To Reimagine Identity January 4, 2012
Posted by Summerspeaker in Anti-imperialism, Transhumanism.trackback
The fight against white skin privilege also requires the rejection of the vicious identification of North Americans as “white” people, rather than as Welsh, German, Irish, etc. as their national origin. This “white race” designation is a contrived super-nationality designed to inflate the social importance of European ethnics and to enlist them in the Capitalist system of exploitation. In North America, white skin has always implied freedom and privilege: freedom to gain employment, to travel, to obtain social mobility out of one’s born class standing and a whole world of Eurocentric privileges. Therefore, before a social revolution can take place, there must be an abolition of the social category of the “white race.” … These “white” people must engage in class suicide and race treachery before they can truly be accepted as allies of Black and nationally oppressed workers; the whole idea behind the “white race” is conformity and making them accomplices to mass murder and exploitation.
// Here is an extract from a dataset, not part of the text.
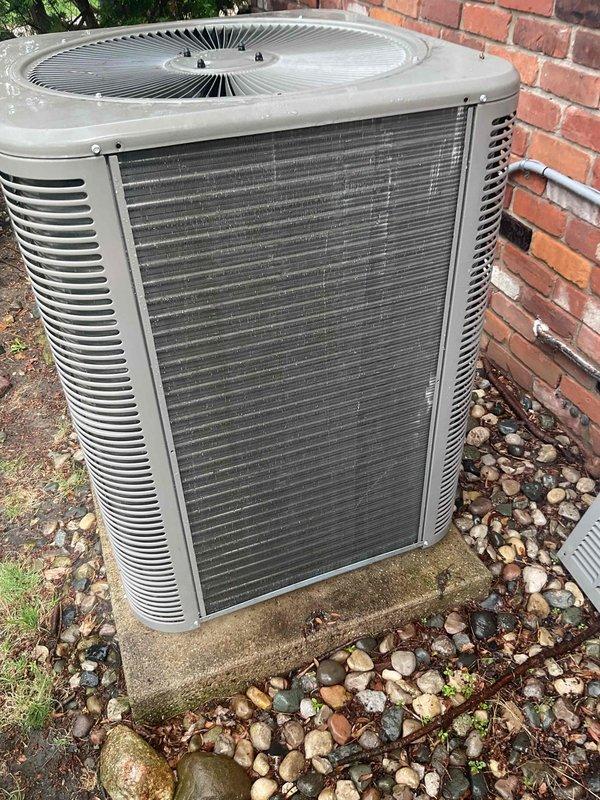 Completed routine AC inspection on 4-year-old residential condensing unit. System operational with all components functioning within normal parameters. Inspected electrical compartment, verified capacitor connections and wiring integrity, and confirmed proper outdoor unit operation.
If white people do not want to be saddled with the historical legacy of colonialism, slavery and genocide themselves, they must rebel against it. So the “whites” must denounce the white identity and its system of privilege and they must struggle to redefine themselves and their relationship with others.
Lorenzo Kom’boa Ervin, The Progressive Plantation: Racism Inside White Radical Social Change Movements (2011).
White-privileged folks within the transhumanist community would do well to take this argument seriously. Our at least nominal interest in making ourselves rather than blindly following established traditions lends itself the rejection of whiteness Ervin, Noel Ignatiev, and other radicals demand. In my experience, too many attempts by white-privileged people to transcend race involve a denial of racism and/or cultural appropriation. The radical position present a more fruitful way forward. Undoing whiteness requires committed political struggle against the existing oppressive order and white supremacy in all its permutations.

hey summer,
i’m down to renounce whiteness if that would be a more effective stance for breaking down racism. as a white activist though, i’ve always found that identifying as white among anti-racist communities was a way of recognizing privilege which of course is crucial to forming multi-racial, anti-racist solidarity.
i feel like if i started calling myself german and norweigan instead of white, people might interpret me as trying to deny that i benefit from a system of racial oppression and privilege. but if self-identifying as german and norweigan would be better, i’d be quick to do so.